Luis Mariñas abrió los informativos de la cadena pública española con una noticia sorprendente: "Testigos presenciales señalaron que seres extraterrestres de tres o cuatro metros de estatura habían descendido de la nave, un enorme disco luminoso". Era 1989. Habían llegado los extraterrestres y todo el mundo se hacía eco.
La prensa los describía como "gigantes". Iban acompañados por un robot y los testigos los dibujaron con diminutas cabezas de tres ojos. "El ojo central giraba como un radar", contaba a los medios uno de los investigadores desplazados al lugar, Slava Marlinov.
La agencia oficial de noticias soviética, Tass, había lanzado la información con todo detalle. La americana AP se subió al carro y, con cautela, pero totalmente en serio, el resto de medios la publicaron, dedicando reportajes especiales y mandando a la zona a sus corresponsales. "Ni la lluvia ni los curiosos han conseguido borrar las huellas del platillo volante", relataba entonces Luis Alberto Rivas, el corresponsal en Moscú de TVE.

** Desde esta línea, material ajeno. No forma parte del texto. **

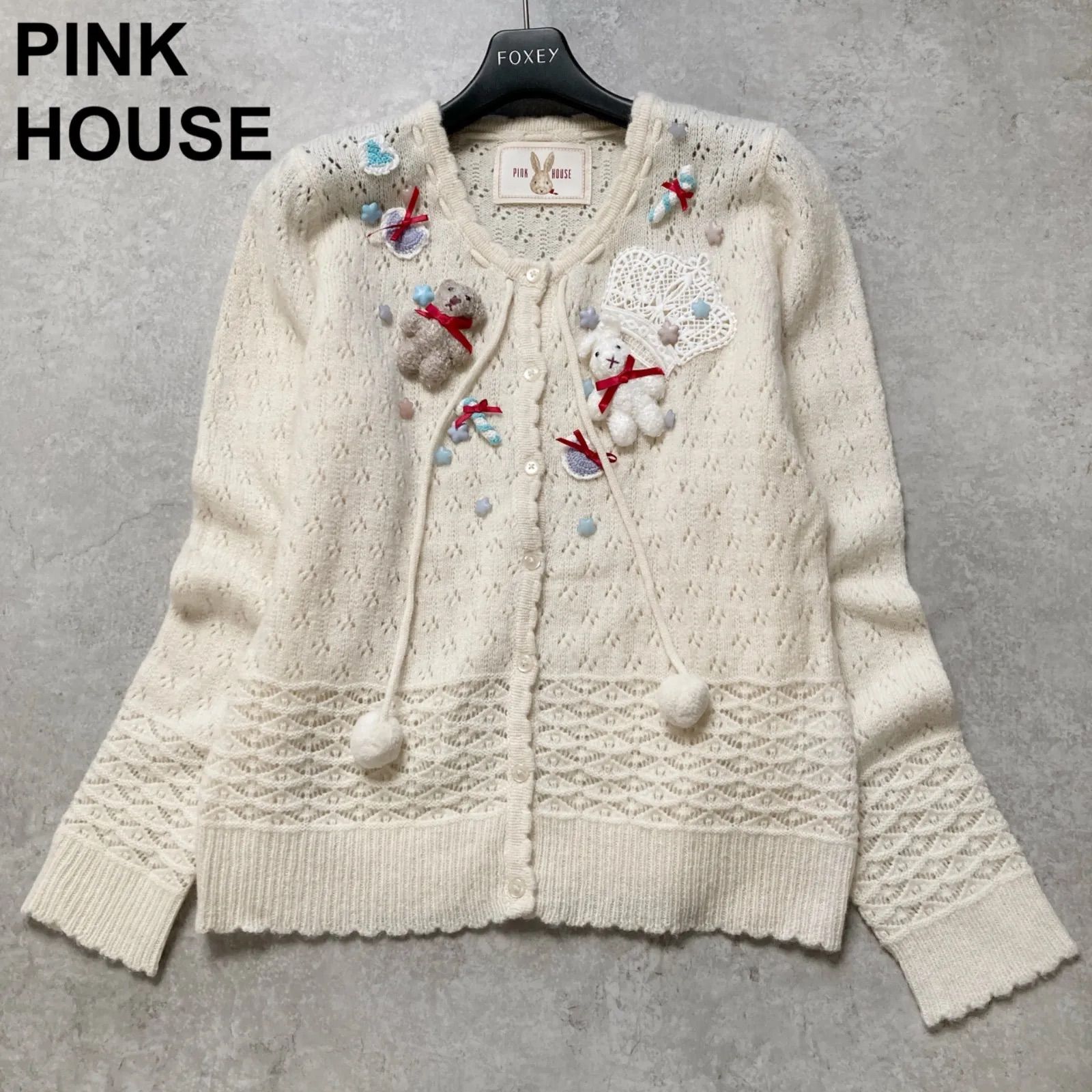 PINKHOUSE ピンクハウス フラワーモチーフカーディガン 白 【公式通販】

Con grafismos incluidos, se explicó cómo el ovni aterrizó en un parque en la ciudad de Vorónezh, a 500 km de Moscú, en la antigua Unión Soviética. Los testigos del avistamiento eran unos niños. "Cuando ellos salieron de la nave, yo me quedé inmóvil, paralizado", contaba uno de ellos a las cámaras.
Y aún hoy la historia sigue viva. Lo ha comprobado Daniel Utrilla en su libro 'Mi ovni de la Perestroika'. Todo parecía entonces muy real, incluso los investigadores desplazados a la zona hablaban de niveles inusuales de radiactividad. Parecían los últimos coletazos de una Rusia soviética en la que habitualmente se echaba mano de lo paranormal para desviar la atención de los problemas reales.
Solo un mes después un comité científico decretó que no había pruebas de nada. Pudo ser un intento de apertura, de modernidad, una maniobra para sumarse a unos avistamientos que en los 80 sucedían en todo el planeta. Pero aún hoy, más de 30 años después, los testigos siguen manteniendo su versión.